I've saved 1,247 tweets, 394 Instagram posts, 156 YouTube videos, and 89 LinkedIn articles over the past two years.
Want to guess how many I've actually revisited?
Less than 50.
The Disaster of the "Content Graveyard"
If you're anything like me, you save content with the best intentions. You see a brilliant thread about productivity, an insightful video about your industry, or a post that perfectly captures an idea you've been struggling to articulate. You hit that save button thinking, "I'll come back to this later." This is the first step in building a social media second brain—but without the right tool, it's where it ends.
But later never comes.

Your bookmarks become a graveyard. A black hole where great content goes to die. The algorithm keeps serving you new dopamine-hits, and the old stuff—the stuff you chose to save—gets buried deeper and deeper.
I tried every solution:
- Browser bookmarks → Too messy, zero organization, no way to search across platforms
- Notion → Great for my own writing, terrible for capturing external content
- Readwise → Perfect for books, but fails on threads, videos, and visual posts
- Pocket → Just a pile of links with zero intelligence
- Native platform saves → Scattered across 8 different apps and unsearchable
Nothing was built for the way we actually consume high-value content today: across multiple social media platforms, in different formats, with the need to actually retrieve it later.
The Breaking Point: Losing My Competitive Edge
The "Aha" moment came during a high-stakes client meeting.
I was trying to remember a specific Twitter thread about content strategy that I'd saved months ago. I knew it was perfect for what my client needed, but I couldn't find it. I spent 15 minutes scrolling through 800+ Twitter bookmarks with no search, no tags, and no way to surface the insight.
I looked like an amateur. I ended up just saying, "I'll send it to you later" (I never did, because I never found it).
That night, I had a realization: We have second brains for everything except the place where we spend most of our time—the social web.
- Notion is brilliant for organizing your thoughts
- Obsidian is perfect for your research notes
- Roam is great for your knowledge graph
But where do you organize the world's thoughts? The insights you discover on Twitter, the tutorials you save from YouTube, the frameworks you find on LinkedIn?
The Solution: Notion for Social Media
That's when Tavlo was born.
The vision was simple but ambitious: Build the first professional-grade Notion for social media content.
Just like Notion revolutionized how we organize documents and databases, Tavlo would revolutionize how we organize social knowledge.

1. Unified Hub: One Library, Every Platform
Stop switching between Twitter bookmarks, YouTube "Watch Later", and LinkedIn saves. Everything in one searchable, high-performance library.

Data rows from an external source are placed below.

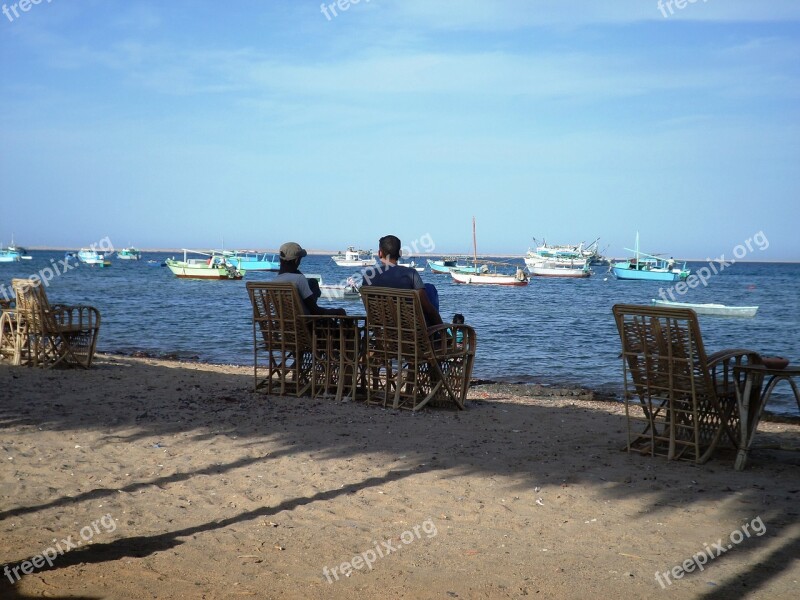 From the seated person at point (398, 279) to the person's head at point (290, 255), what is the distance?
2.63ft

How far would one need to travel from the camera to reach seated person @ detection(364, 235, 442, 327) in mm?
7184

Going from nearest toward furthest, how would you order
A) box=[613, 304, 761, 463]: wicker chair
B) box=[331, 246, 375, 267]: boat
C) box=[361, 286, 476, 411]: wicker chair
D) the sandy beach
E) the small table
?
the sandy beach, the small table, box=[613, 304, 761, 463]: wicker chair, box=[361, 286, 476, 411]: wicker chair, box=[331, 246, 375, 267]: boat

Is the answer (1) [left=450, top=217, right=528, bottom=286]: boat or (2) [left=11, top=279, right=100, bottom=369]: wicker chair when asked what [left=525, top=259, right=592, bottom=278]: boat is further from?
(2) [left=11, top=279, right=100, bottom=369]: wicker chair

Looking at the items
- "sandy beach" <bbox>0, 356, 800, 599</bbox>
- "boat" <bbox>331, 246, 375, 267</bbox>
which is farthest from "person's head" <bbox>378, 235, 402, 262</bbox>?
"boat" <bbox>331, 246, 375, 267</bbox>

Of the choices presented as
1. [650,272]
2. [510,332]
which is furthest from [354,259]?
[510,332]

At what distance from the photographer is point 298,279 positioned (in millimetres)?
7562

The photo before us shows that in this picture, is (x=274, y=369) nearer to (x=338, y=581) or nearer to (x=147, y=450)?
(x=147, y=450)

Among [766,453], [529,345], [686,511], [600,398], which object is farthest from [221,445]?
[529,345]

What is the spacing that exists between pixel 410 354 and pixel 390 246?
1.05 m

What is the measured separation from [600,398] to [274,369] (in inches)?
231

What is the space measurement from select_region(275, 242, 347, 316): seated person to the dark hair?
0.68 m

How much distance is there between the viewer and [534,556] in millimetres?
3689

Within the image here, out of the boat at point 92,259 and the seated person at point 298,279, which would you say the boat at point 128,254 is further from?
the seated person at point 298,279

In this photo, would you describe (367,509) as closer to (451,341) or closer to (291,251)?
(451,341) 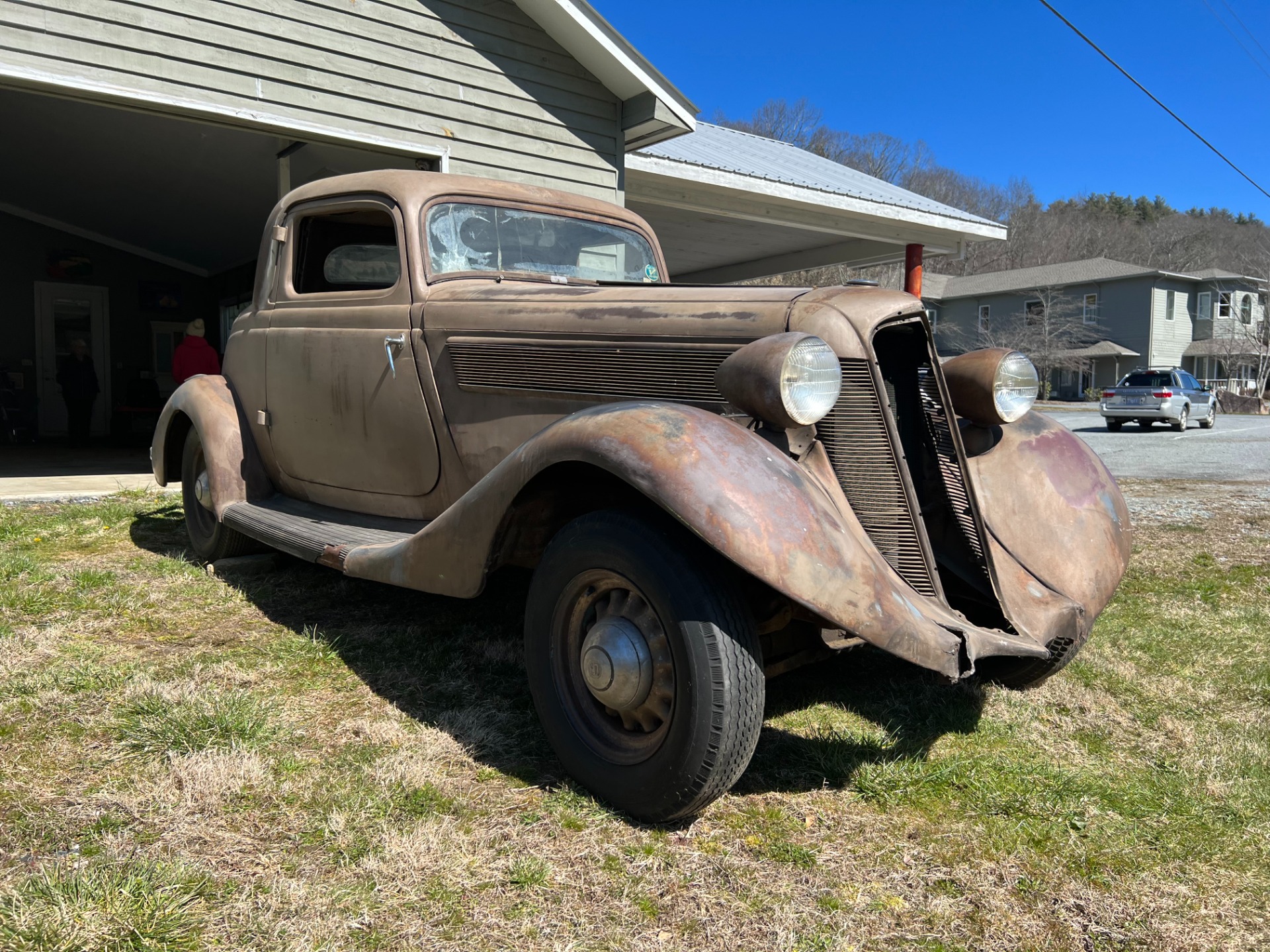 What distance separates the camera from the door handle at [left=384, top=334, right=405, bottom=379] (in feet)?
11.0

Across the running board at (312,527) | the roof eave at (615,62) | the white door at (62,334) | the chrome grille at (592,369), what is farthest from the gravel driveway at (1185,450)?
the white door at (62,334)

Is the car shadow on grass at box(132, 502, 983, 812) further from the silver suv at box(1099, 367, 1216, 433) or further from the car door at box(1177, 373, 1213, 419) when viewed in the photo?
the car door at box(1177, 373, 1213, 419)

We currently support the knowledge web:
- Twitter/X
- YouTube
- TikTok
- Newsletters
- Web articles
All your knowledge, in one place.
2. AI-Powered Intelligence: Stop Re-Watching, Start Using
Notion lets you organize information manually. Tavlo goes further—it understands your content using AI instantly.

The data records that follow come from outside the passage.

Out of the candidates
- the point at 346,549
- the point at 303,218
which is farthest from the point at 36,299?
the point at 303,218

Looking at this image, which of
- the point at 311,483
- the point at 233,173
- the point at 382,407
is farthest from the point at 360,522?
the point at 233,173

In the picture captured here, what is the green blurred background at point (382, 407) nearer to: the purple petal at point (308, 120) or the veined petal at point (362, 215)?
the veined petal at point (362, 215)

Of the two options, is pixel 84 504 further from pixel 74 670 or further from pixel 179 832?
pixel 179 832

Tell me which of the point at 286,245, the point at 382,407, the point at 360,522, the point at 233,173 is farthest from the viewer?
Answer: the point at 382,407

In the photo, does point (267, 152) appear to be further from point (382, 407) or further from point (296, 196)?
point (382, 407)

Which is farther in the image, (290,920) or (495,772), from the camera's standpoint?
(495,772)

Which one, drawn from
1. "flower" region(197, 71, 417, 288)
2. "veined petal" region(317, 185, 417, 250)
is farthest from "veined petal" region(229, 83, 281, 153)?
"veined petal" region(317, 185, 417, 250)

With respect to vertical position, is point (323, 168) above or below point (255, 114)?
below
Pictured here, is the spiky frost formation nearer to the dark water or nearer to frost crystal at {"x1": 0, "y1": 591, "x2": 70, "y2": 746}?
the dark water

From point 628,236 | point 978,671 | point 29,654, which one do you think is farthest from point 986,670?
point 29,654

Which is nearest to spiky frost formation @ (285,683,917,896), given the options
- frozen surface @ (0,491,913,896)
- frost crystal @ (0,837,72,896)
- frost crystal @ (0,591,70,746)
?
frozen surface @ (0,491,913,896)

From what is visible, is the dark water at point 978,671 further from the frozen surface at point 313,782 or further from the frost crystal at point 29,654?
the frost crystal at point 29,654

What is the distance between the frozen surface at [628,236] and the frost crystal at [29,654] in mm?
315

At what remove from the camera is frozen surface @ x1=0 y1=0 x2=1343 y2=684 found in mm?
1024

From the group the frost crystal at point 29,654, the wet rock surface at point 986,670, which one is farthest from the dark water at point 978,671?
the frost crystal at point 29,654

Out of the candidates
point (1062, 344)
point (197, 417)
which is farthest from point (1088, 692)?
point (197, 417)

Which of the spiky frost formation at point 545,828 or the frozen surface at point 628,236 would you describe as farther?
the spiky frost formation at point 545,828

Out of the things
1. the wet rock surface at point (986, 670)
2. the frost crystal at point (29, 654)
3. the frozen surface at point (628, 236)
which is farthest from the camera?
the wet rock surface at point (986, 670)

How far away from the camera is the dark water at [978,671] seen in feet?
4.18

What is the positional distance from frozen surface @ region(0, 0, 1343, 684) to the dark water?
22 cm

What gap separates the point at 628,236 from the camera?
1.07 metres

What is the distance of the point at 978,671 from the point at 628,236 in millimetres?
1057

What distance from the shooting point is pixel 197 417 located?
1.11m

Every piece of content you save is automatically:
- AI summarized → Get the key points in seconds without re-watching a 15-minute video.
- Smart tagged → Automatic topic detection and precise categorization.
- Distilled into Key takeaways → Actionable insights you can actually deploy.
3. The Calm Replay Feed: Beat the Algorithm
Social media feeds are designed to be addictive. They show you new content based on what keeps you scrolling, not what's valuable to you.
Tavlo's Replay Feed is different. It's a calm, intentional feed that resurfaces what you saved based on:
- What you're working on (contextual relevance).
- Spaced repetition principles (helping you remember).
- Your recent search queries.
It's a "second feed"—one that actually serves you instead of the ad-algorithm.
4. Built for Reuse, Not Hoarding
The biggest insight that shaped Tavlo: The value of saved content isn't in having it; it's in using it to win.
We designed every feature around one question: "Will this help people actually use what they save?"
That's why we built:
- Strategic Collections: Organize by project, client, or topic.
- Elite Search: Find anything in seconds using keywords.
- Chrome Extension: Save without ever leaving your flow.
- Seamless Export: Move your content into Notion or Obsidian with ease.
Stop Saving and Start Building
There are plenty of "save for later" tools. But Tavlo is the only one designed for the speed and chaos of the social era.
Readwise is for articles. Notion is for your notes. Tavlo is for the social world's best ideas.
Stop letting your education go to waste. Join the 500+ creators and marketers who have already turned their bookmarks into a professional asset.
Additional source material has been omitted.